If using your own sample line and/or chip, you should cancel the shutdown and log out from the current account to return to the login interface. Then contact the facility staff to assist in retrieving the sample line and chip.

Shut down the computer.

Turn off the compression pump.

Release all pressure inside the sheath fluid tank: Lift the circular pressure relief valve at the top until no more gas is released. Long term storage under pressure may damage the instrument.

Emptying the waste liquid tank: Disconnect the pink waste liquid pipe, carefully unscrew the lid (to prevent liquid from flowing into the air filter), and pour the waste liquid into the sink. Wipe off any splashing waste liquid and disinfect with 70% ethanol. Reconnect the waste liquid tank.
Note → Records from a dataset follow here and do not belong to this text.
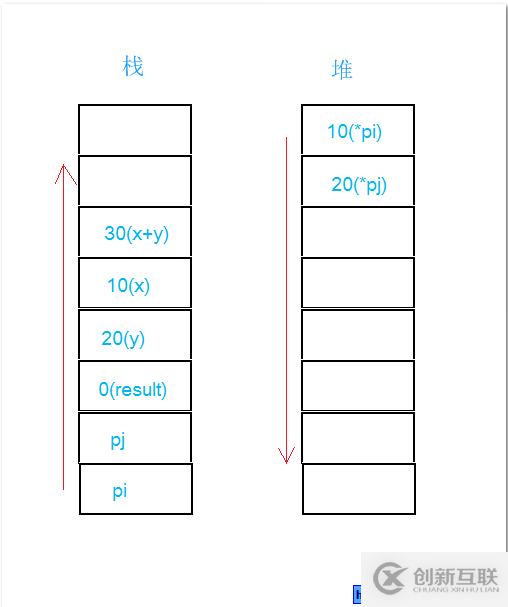 C++中堆棧與函數(shù)如何調(diào)用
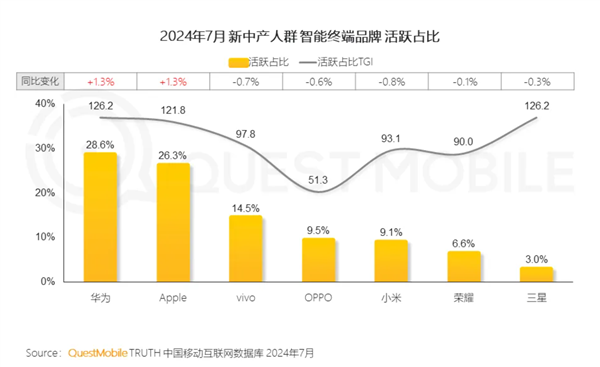 中国新中产东谈主群达到2.57亿：手机首选华为、苹果 占比超一半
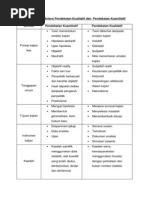 Perbandingan Antara Pendekatan Kualitatif Dan Pendekatan Kuantitatif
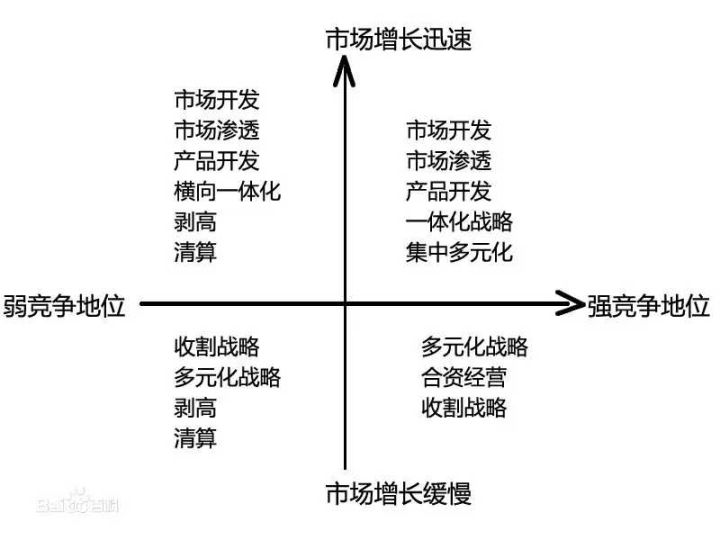 麦肯锡、波士顿等26个顶尖战略咨询公司常用分析模型
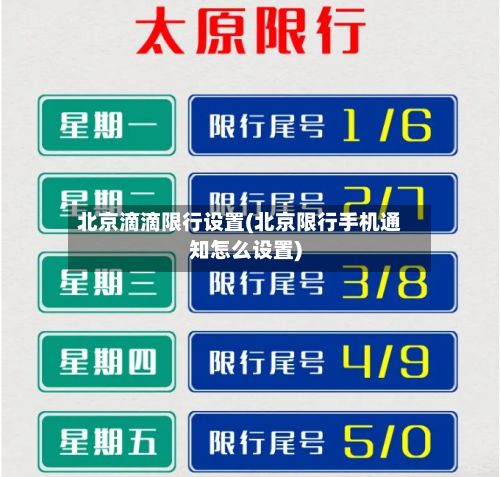 北京滴滴限行设置(北京限行手机通知怎么设置)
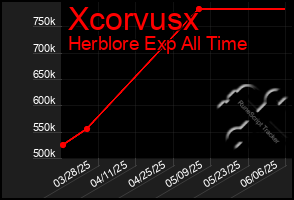 Total Graph of Xcorvusx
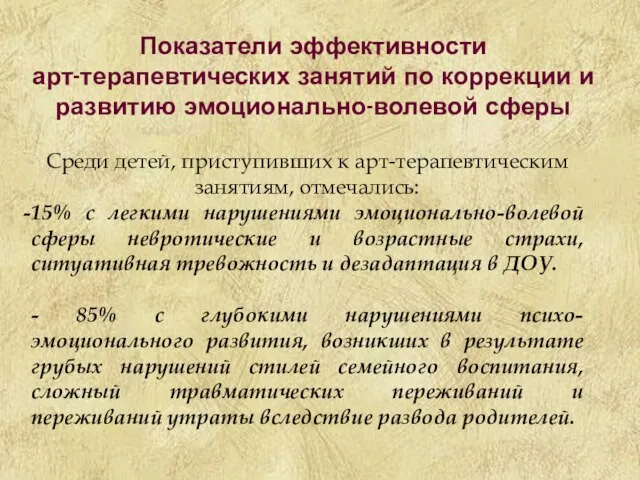 Показатели эффективности арт-терапевтических занятий по коррекции и развитию эмоционально-волевой сферы Среди детей,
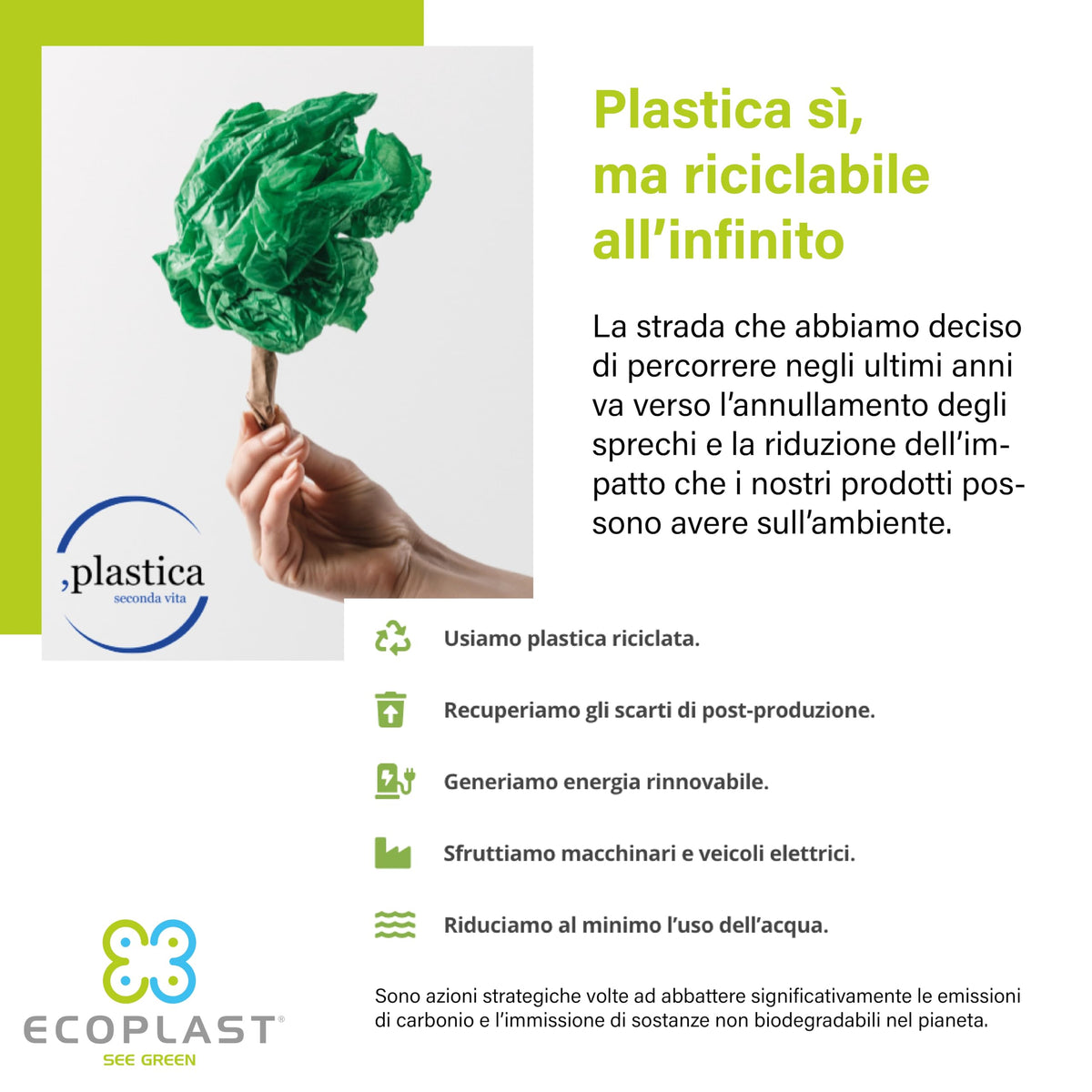 Pattumiera Raccolta Differenziata 20L Ecoplast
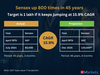 Sensex target is 1 lakh by December 2025 if bulls keep running at historical CAGR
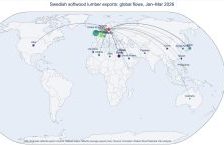 Swedish softwood lumber exports lose momentum as overseas markets weaken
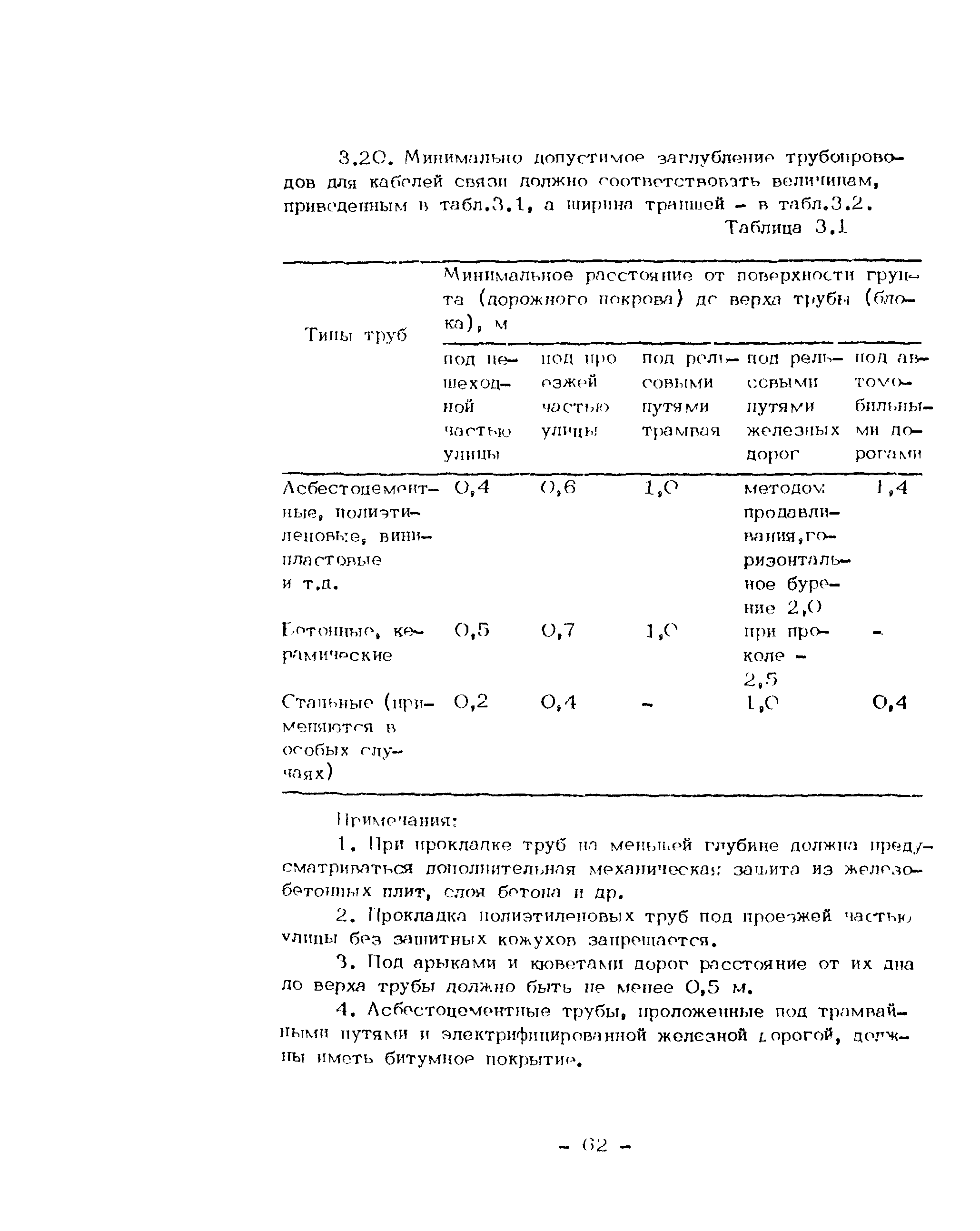 ОСТН 600-93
Chapter 11: Common Problems and Troubleshooting

Possible causes and measures for handling the phenomenon

Droplet instability/jumping. If there are bubbles in the sheath fluid filter, perform manual defoaming in Chapter 5 and repeat if necessary

Chip blockage: If the sample is not filtered or the particle diameter is too large to clear, a new chip needs to be replaced; Ensure that all samples pass through the filter element

Automatic calibration failed due to expired calibration beads, insufficient mixing, or improper temperature. Prepare fresh calibration beads (≤ 7 days) and shake the mixture thoroughly

Sort out abnormal deflection plates that are dirty or damp. Clean the deflection plates thoroughly and dry them thoroughly; Check the voltage setting of the deflection plate

The pressure cannot be established. The sheath fluid tank is not properly sealed or the compression pump is not turned on. Check the sealing ring of the tank cover; Confirm that the power supply of the compression pump is turned on and the pressure gauge shows 6 bar

Chapter 12: Summary of Daily Maintenance Points

Before daily start-up: check the sheath fluid, waste liquid, DI water tank, and clean the sorting room.

After each sorting, strictly follow the shutdown cleaning process and do not skip it.

Weekly: Check the validity period of the calibration beads and replace them in a timely manner.

Monthly: Check the liquid flow pipeline for leaks, clean the instrument surface and fan filter.

Every six months: Deep maintenance is performed by facility professionals, including laser alignment, PMT calibration, and pipeline replacement.